◆ WHAT TO WORK ON
Find the line with "Sterilite Ultra-Seal 4.7" in the entries below, then reproduce it and every line after it down to and including the line with "Dress the Population", exactly.

[Data entries]
* * * * * * *

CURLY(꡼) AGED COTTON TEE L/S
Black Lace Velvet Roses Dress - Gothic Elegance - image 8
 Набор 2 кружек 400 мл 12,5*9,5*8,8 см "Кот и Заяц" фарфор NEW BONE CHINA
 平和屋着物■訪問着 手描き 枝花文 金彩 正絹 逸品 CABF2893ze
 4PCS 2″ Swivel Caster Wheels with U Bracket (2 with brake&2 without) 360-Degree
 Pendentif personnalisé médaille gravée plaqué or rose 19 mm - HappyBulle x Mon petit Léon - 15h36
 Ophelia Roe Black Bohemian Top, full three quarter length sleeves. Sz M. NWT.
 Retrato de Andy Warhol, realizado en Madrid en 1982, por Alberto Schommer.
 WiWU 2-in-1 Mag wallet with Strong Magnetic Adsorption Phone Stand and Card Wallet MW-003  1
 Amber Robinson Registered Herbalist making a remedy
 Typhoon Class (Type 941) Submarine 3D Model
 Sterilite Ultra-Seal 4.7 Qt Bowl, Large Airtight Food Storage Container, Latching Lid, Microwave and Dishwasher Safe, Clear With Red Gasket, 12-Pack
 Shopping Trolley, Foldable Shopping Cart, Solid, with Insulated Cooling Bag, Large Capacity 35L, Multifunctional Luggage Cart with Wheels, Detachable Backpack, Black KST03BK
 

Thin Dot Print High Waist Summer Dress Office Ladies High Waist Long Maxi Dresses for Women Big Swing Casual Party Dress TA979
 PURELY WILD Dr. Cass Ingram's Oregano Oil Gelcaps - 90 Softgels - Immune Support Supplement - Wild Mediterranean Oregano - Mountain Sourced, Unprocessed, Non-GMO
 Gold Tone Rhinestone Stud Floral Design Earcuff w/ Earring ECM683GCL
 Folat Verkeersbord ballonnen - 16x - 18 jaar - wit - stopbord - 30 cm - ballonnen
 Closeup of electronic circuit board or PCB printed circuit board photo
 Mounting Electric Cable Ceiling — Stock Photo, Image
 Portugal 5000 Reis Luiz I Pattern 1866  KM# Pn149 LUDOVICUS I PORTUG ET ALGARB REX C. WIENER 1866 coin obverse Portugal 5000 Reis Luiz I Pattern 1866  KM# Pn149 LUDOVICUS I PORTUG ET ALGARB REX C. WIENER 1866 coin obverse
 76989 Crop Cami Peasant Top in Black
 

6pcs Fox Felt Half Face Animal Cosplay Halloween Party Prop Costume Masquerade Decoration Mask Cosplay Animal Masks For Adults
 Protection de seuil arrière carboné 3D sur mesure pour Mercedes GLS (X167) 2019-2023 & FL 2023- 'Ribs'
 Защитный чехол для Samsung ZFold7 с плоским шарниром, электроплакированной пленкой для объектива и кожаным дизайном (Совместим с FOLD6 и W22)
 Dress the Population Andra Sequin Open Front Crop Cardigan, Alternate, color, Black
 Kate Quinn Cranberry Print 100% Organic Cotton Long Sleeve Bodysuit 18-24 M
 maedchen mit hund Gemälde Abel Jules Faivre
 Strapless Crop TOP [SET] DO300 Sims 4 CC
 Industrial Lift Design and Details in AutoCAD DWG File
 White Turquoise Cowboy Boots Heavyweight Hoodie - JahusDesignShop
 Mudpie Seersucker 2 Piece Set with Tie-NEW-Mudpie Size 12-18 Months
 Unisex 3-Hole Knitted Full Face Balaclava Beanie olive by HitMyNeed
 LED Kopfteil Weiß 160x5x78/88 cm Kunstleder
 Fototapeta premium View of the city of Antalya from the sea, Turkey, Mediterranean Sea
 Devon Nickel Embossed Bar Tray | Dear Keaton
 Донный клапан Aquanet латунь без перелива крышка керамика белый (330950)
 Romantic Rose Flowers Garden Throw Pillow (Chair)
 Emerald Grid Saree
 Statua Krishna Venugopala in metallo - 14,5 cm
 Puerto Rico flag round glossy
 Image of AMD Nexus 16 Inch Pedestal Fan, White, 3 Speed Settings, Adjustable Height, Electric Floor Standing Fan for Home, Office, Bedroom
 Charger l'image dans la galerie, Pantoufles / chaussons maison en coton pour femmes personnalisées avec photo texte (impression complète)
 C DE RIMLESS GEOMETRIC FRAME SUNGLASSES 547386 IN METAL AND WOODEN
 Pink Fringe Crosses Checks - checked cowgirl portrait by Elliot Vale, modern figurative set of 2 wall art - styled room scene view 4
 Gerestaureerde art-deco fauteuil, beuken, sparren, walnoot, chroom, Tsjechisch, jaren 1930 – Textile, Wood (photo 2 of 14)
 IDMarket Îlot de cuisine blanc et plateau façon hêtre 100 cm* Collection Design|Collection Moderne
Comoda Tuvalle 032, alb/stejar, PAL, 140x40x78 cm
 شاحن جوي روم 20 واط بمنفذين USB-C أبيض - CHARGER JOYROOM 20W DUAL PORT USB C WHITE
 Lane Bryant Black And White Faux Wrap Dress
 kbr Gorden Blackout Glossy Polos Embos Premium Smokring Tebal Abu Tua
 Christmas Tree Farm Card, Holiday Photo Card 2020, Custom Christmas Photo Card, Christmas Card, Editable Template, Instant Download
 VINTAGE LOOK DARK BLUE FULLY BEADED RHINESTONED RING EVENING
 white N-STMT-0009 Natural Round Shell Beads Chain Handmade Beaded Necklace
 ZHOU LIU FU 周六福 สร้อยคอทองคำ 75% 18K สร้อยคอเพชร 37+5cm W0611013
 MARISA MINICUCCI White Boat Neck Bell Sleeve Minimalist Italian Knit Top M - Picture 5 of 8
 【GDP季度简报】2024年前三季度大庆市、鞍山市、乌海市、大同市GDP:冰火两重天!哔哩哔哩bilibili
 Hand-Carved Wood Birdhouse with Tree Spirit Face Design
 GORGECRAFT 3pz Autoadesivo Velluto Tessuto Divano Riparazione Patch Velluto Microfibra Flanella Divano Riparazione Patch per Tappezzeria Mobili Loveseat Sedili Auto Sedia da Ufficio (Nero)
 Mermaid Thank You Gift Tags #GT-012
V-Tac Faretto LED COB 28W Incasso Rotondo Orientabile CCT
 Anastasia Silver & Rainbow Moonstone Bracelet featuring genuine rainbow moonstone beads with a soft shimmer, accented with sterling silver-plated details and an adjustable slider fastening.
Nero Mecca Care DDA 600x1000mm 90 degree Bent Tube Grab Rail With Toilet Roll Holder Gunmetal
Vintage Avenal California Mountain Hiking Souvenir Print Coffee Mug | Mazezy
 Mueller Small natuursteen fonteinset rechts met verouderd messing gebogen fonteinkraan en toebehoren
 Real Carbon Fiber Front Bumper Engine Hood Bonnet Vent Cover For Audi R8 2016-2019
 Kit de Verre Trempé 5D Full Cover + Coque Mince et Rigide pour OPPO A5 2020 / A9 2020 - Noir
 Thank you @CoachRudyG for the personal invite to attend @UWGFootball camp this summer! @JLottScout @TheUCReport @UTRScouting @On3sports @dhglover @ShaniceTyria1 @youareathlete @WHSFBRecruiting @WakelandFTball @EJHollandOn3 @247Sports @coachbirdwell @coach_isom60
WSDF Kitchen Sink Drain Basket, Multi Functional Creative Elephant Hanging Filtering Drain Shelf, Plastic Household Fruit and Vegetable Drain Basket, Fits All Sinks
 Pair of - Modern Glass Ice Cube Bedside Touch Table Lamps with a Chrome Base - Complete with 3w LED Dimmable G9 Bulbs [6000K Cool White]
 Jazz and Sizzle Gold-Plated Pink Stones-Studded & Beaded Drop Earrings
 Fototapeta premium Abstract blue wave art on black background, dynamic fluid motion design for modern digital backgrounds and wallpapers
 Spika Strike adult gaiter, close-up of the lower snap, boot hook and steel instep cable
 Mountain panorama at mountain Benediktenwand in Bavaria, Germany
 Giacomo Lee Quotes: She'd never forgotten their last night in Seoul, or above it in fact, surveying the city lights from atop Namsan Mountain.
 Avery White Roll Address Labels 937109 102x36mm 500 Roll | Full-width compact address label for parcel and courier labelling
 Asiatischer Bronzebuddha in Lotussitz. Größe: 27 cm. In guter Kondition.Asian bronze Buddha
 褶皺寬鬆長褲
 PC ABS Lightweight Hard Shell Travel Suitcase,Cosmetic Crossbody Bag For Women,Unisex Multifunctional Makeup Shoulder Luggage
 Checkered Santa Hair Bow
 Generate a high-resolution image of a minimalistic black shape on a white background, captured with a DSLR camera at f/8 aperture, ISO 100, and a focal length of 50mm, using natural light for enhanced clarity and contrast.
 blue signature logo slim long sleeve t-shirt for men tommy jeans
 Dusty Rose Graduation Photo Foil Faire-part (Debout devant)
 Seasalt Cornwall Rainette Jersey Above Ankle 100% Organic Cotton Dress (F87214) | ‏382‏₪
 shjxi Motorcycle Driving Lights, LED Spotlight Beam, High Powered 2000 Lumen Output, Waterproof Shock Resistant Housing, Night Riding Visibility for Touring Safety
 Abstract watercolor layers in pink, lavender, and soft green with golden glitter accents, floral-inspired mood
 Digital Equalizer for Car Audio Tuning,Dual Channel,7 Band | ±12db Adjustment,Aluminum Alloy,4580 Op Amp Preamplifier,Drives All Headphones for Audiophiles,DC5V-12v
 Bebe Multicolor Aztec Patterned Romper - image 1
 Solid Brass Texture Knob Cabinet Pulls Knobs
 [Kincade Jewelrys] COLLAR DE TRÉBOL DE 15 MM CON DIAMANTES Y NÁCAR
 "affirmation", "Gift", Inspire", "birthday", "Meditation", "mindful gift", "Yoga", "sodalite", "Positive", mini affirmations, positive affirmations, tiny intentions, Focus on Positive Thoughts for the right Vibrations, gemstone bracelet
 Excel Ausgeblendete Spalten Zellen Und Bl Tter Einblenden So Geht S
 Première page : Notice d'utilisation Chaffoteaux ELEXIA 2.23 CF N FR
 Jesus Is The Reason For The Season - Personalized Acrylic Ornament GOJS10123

* * * * * * *

◆ EXERCISE RESULT
 Sterilite Ultra-Seal 4.7 Qt Bowl, Large Airtight Food Storage Container, Latching Lid, Microwave and Dishwasher Safe, Clear With Red Gasket, 12-Pack
 Shopping Trolley, Foldable Shopping Cart, Solid, with Insulated Cooling Bag, Large Capacity 35L, Multifunctional Luggage Cart with Wheels, Detachable Backpack, Black KST03BK
 

Thin Dot Print High Waist Summer Dress Office Ladies High Waist Long Maxi Dresses for Women Big Swing Casual Party Dress TA979
 PURELY WILD Dr. Cass Ingram's Oregano Oil Gelcaps - 90 Softgels - Immune Support Supplement - Wild Mediterranean Oregano - Mountain Sourced, Unprocessed, Non-GMO
 Gold Tone Rhinestone Stud Floral Design Earcuff w/ Earring ECM683GCL
 Folat Verkeersbord ballonnen - 16x - 18 jaar - wit - stopbord - 30 cm - ballonnen
 Closeup of electronic circuit board or PCB printed circuit board photo
 Mounting Electric Cable Ceiling — Stock Photo, Image
 Portugal 5000 Reis Luiz I Pattern 1866  KM# Pn149 LUDOVICUS I PORTUG ET ALGARB REX C. WIENER 1866 coin obverse Portugal 5000 Reis Luiz I Pattern 1866  KM# Pn149 LUDOVICUS I PORTUG ET ALGARB REX C. WIENER 1866 coin obverse
 76989 Crop Cami Peasant Top in Black
 

6pcs Fox Felt Half Face Animal Cosplay Halloween Party Prop Costume Masquerade Decoration Mask Cosplay Animal Masks For Adults
 Protection de seuil arrière carboné 3D sur mesure pour Mercedes GLS (X167) 2019-2023 & FL 2023- 'Ribs'
 Защитный чехол для Samsung ZFold7 с плоским шарниром, электроплакированной пленкой для объектива и кожаным дизайном (Совместим с FOLD6 и W22)
 Dress the Population Andra Sequin Open Front Crop Cardigan, Alternate, color, Black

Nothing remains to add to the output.